Task objective. Please print the data again exactly as given.

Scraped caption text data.
# # #
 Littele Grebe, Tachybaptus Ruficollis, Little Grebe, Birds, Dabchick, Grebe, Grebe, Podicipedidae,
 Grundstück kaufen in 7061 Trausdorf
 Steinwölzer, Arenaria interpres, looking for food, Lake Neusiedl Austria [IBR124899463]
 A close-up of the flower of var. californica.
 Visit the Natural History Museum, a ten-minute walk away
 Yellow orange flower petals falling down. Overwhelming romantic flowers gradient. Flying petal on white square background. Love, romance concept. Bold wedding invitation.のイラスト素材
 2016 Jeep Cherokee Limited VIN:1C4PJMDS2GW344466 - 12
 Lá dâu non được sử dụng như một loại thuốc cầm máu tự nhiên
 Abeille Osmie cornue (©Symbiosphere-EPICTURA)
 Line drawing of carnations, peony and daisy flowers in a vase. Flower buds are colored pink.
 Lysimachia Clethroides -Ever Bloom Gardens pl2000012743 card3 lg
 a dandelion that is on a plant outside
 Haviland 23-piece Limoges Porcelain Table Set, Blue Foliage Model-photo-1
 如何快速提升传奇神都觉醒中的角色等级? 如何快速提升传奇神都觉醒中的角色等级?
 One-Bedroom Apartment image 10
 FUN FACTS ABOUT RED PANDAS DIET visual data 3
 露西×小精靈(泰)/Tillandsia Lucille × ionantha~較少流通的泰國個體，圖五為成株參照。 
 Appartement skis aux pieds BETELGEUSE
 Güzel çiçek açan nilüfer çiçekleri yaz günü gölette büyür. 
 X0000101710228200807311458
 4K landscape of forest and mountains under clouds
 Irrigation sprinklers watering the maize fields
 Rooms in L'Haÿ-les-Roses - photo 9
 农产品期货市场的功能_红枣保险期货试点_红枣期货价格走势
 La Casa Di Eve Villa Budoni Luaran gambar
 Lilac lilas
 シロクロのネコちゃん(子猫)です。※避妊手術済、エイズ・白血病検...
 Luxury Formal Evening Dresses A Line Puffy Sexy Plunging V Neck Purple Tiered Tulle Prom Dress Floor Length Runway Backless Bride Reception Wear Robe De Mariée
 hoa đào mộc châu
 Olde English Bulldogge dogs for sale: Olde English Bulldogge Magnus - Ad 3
# # #
Reply to the exercise.
 Littele Grebe, Tachybaptus Ruficollis, Little Grebe, Birds, Dabchick, Grebe, Grebe, Podicipedidae,
 Grundstück kaufen in 7061 Trausdorf
 Steinwölzer, Arenaria interpres, looking for food, Lake Neusiedl Austria [IBR124899463]
 A close-up of the flower of var. californica.
 Visit the Natural History Museum, a ten-minute walk away
 Yellow orange flower petals falling down. Overwhelming romantic flowers gradient. Flying petal on white square background. Love, romance concept. Bold wedding invitation.のイラスト素材
 2016 Jeep Cherokee Limited VIN:1C4PJMDS2GW344466 - 12
 Lá dâu non được sử dụng như một loại thuốc cầm máu tự nhiên
 Abeille Osmie cornue (©Symbiosphere-EPICTURA)
 Line drawing of carnations, peony and daisy flowers in a vase. Flower buds are colored pink.
 Lysimachia Clethroides -Ever Bloom Gardens pl2000012743 card3 lg
 a dandelion that is on a plant outside
 Haviland 23-piece Limoges Porcelain Table Set, Blue Foliage Model-photo-1
 如何快速提升传奇神都觉醒中的角色等级? 如何快速提升传奇神都觉醒中的角色等级?
 One-Bedroom Apartment image 10
 FUN FACTS ABOUT RED PANDAS DIET visual data 3
 露西×小精靈(泰)/Tillandsia Lucille × ionantha~較少流通的泰國個體，圖五為成株參照。 
 Appartement skis aux pieds BETELGEUSE
 Güzel çiçek açan nilüfer çiçekleri yaz günü gölette büyür. 
 X0000101710228200807311458
 4K landscape of forest and mountains under clouds
 Irrigation sprinklers watering the maize fields
 Rooms in L'Haÿ-les-Roses - photo 9
 农产品期货市场的功能_红枣保险期货试点_红枣期货价格走势
 La Casa Di Eve Villa Budoni Luaran gambar
 Lilac lilas
 シロクロのネコちゃん(子猫)です。※避妊手術済、エイズ・白血病検...
 Luxury Formal Evening Dresses A Line Puffy Sexy Plunging V Neck Purple Tiered Tulle Prom Dress Floor Length Runway Backless Bride Reception Wear Robe De Mariée
 hoa đào mộc châu
 Olde English Bulldogge dogs for sale: Olde English Bulldogge Magnus - Ad 3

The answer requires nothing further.